**TASK TO COMPLETE**. Within this material, find every line where the string "edificio" appears, and copy it out.

↓↓↓

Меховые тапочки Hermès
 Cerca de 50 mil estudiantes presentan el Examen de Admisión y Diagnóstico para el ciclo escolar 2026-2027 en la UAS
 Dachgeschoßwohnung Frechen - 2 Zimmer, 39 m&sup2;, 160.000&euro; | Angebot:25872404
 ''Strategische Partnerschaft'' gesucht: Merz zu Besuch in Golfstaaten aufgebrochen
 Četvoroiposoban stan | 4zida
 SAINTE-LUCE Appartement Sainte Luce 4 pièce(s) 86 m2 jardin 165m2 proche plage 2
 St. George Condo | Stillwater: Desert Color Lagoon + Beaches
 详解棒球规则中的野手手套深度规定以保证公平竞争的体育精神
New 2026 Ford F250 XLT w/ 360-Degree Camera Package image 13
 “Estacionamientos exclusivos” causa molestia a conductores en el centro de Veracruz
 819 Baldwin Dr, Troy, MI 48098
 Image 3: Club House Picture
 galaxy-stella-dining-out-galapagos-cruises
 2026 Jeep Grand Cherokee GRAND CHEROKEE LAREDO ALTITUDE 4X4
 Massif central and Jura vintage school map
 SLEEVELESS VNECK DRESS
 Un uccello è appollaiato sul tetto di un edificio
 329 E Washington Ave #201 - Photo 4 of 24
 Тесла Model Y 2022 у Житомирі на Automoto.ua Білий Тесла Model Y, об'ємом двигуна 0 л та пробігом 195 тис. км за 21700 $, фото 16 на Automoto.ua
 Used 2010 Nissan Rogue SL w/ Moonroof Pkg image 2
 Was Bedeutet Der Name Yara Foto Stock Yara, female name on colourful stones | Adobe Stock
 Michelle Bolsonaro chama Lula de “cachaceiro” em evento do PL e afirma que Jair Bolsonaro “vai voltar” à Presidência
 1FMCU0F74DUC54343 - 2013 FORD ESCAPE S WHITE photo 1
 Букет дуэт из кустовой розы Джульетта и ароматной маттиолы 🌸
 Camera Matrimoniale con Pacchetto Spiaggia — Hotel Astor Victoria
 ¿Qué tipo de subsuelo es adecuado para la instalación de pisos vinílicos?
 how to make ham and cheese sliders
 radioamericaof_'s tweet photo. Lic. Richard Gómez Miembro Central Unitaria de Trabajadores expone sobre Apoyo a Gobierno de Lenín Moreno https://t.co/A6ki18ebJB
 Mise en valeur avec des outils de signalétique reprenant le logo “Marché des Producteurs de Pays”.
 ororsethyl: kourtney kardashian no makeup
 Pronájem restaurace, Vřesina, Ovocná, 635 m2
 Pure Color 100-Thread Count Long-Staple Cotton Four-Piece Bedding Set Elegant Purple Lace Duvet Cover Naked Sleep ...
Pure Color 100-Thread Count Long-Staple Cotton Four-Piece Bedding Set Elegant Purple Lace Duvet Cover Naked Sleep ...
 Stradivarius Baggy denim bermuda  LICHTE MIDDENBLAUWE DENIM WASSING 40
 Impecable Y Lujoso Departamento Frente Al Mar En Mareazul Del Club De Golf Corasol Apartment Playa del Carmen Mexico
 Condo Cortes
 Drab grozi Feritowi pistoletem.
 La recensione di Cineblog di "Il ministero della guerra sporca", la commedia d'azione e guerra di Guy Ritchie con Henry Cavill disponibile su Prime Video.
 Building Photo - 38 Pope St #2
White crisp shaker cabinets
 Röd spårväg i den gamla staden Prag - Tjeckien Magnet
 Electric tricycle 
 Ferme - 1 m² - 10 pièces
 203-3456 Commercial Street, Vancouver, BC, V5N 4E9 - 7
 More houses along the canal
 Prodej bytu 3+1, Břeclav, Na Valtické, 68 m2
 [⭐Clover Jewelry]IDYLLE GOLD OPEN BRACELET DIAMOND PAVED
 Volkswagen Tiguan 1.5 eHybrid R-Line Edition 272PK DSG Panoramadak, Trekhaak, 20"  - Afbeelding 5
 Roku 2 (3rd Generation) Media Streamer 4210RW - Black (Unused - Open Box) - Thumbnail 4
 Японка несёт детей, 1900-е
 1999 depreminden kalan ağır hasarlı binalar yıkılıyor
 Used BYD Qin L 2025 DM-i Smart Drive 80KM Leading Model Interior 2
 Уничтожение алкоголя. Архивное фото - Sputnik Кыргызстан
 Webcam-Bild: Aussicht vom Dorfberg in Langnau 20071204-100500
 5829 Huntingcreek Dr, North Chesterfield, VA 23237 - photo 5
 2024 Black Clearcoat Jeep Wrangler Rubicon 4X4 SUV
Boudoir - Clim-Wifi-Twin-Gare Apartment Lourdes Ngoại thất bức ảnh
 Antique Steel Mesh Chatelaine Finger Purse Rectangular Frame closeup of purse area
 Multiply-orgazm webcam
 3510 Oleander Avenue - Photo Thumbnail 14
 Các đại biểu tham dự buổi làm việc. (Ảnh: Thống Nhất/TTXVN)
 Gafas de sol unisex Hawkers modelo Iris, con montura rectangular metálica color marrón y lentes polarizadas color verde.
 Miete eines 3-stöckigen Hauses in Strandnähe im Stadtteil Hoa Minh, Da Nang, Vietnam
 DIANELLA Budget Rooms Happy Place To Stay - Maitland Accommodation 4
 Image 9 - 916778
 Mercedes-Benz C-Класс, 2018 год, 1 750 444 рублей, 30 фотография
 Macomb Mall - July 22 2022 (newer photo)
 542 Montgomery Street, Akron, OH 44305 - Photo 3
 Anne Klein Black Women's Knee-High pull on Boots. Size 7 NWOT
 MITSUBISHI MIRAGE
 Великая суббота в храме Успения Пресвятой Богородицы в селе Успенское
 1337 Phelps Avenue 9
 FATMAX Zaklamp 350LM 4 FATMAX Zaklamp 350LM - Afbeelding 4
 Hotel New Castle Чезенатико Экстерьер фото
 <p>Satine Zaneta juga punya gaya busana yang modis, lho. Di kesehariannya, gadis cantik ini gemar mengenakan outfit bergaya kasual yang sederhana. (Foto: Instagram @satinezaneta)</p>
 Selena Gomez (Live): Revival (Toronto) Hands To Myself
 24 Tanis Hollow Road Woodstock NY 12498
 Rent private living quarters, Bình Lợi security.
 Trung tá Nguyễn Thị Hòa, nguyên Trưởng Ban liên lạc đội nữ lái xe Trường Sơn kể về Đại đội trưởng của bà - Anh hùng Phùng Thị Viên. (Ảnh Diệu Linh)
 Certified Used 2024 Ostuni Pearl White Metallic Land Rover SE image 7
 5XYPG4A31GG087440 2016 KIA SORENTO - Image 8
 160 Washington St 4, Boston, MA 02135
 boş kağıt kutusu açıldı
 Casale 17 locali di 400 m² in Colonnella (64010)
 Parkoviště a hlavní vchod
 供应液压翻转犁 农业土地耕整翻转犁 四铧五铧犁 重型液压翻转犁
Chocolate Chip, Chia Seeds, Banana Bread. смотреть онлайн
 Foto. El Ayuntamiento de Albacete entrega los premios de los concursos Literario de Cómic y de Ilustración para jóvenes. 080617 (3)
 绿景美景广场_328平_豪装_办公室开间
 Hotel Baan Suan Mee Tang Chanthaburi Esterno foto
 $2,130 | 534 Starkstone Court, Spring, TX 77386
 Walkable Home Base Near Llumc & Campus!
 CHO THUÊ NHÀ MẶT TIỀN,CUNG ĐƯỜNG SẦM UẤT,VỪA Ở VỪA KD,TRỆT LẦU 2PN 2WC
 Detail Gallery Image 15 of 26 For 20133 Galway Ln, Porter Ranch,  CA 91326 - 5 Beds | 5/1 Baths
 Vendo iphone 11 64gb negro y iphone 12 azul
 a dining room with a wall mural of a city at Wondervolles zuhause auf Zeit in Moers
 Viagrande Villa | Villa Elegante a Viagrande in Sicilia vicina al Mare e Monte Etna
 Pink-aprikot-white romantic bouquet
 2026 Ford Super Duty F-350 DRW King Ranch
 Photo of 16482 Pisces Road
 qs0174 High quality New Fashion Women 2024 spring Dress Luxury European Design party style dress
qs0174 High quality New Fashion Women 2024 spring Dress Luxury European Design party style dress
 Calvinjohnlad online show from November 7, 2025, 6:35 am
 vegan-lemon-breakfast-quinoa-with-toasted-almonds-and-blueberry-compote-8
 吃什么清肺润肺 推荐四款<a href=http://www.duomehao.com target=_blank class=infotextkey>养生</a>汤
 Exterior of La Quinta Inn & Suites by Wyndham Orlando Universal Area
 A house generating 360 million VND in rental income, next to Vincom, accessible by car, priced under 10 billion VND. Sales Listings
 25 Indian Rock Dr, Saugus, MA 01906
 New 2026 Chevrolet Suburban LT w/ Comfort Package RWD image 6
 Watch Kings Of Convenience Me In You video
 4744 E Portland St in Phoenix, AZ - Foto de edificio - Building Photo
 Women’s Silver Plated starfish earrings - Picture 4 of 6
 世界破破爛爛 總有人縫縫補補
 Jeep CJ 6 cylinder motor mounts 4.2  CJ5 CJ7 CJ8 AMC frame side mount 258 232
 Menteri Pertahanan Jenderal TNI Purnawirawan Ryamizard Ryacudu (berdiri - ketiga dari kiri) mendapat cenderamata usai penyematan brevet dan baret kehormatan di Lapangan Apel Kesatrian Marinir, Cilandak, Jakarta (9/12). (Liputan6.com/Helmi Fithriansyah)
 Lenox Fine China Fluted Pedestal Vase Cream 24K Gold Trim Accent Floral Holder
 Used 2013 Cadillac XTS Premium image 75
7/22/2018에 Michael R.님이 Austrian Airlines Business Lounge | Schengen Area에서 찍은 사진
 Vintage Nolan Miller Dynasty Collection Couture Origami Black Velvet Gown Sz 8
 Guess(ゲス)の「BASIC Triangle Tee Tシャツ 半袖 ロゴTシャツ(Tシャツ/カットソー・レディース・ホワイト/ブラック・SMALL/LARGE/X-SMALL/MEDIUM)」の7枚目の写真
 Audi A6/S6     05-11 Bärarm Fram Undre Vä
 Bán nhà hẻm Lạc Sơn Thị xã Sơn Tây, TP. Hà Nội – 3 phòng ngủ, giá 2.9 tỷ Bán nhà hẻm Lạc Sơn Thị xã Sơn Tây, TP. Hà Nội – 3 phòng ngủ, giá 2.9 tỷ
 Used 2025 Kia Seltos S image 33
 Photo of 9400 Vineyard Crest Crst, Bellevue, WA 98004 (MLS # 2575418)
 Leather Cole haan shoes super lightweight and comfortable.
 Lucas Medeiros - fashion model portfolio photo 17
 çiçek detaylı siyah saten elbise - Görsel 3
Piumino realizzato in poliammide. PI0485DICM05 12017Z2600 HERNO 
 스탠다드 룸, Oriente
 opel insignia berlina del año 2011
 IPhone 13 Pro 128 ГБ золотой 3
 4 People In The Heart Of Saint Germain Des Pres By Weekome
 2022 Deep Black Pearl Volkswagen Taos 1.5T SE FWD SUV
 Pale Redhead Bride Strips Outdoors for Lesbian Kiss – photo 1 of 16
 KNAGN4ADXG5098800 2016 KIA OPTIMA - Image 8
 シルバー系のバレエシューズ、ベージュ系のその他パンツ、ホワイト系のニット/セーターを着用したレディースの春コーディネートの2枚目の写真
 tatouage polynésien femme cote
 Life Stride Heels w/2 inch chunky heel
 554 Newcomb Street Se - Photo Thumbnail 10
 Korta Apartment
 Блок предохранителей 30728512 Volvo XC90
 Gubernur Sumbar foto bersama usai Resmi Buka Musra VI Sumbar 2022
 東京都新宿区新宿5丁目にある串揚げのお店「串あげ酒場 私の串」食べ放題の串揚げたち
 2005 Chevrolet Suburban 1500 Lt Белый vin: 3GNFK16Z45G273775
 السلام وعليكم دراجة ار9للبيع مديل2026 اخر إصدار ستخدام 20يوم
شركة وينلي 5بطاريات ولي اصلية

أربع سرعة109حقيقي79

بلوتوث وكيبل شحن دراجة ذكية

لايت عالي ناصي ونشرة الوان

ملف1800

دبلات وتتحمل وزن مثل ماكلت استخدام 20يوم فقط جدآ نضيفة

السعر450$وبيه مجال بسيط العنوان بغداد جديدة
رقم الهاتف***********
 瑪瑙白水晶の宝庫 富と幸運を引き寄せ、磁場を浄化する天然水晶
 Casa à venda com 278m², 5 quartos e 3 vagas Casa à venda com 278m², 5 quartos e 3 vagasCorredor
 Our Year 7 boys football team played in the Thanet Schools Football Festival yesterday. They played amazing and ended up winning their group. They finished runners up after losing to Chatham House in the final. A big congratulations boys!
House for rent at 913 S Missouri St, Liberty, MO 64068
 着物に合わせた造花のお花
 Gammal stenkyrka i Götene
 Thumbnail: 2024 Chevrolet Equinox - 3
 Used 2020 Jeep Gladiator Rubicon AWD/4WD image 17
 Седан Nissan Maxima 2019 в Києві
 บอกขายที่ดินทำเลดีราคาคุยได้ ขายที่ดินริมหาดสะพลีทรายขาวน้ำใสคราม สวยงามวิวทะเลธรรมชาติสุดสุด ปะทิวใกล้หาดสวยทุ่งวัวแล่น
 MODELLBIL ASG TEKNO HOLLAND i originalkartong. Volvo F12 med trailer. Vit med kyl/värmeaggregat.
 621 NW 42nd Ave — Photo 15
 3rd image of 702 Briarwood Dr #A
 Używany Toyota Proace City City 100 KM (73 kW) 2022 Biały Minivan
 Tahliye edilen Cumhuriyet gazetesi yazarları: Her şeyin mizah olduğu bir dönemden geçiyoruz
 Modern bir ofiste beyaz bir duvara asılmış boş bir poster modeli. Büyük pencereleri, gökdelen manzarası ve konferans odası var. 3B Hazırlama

↑↑↑

**EXERCISE ANSWER**.
 Un uccello è appollaiato sul tetto di un edificio
 4744 E Portland St in Phoenix, AZ - Foto de edificio - Building Photo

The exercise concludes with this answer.